The network takes as input gray images resized to 32×100 pixels (without preserving the aspect ratio) and runs them through a series of convolutions and fully-connected layers. The output of the network is a matrix of size 37×L, with (an assumed maximum length of) L=23, where every cell denotes the probability of finding each of the 37 possible symbols (10 digits, 26 characters, and the NULL symbol) at position 1, 2, . . . , L in the license plate. Given the output of a network, the transcription can be obtained by moving through the L columns and taking the symbol with the highest probability in each column.

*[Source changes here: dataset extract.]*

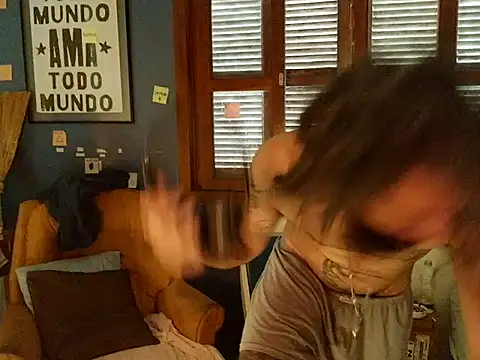 Snapshot of ooproprio chatting on April 2026 12:20:01 PM ooproprio online show from April 2026 12:20:01 PM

The exact architecture of the network was a conv64-5, conv128-5, conv256-3, conv512-3, conv512-3, fc4096, fc4096, fc(37×23), where convX-Y denotes a convolution with X filters of size Y×Y, and fcX was a fully-connected layer which produces an output of X dimensions. The convolutional filters have a stride of 1 and are padded to preserve the map size. A max-pooling of size 2×2 with a stride of 2 follows convolutional layers 1, 2, and 4. ReLU non-linearities are applied between each pair of layers. The network ended in 23 independent classifiers (one for each position) that performed a softmax and used a cross-entropy loss for training. Although the classifiers are independent of each other, they were trained jointly together with the remaining parameters of the network.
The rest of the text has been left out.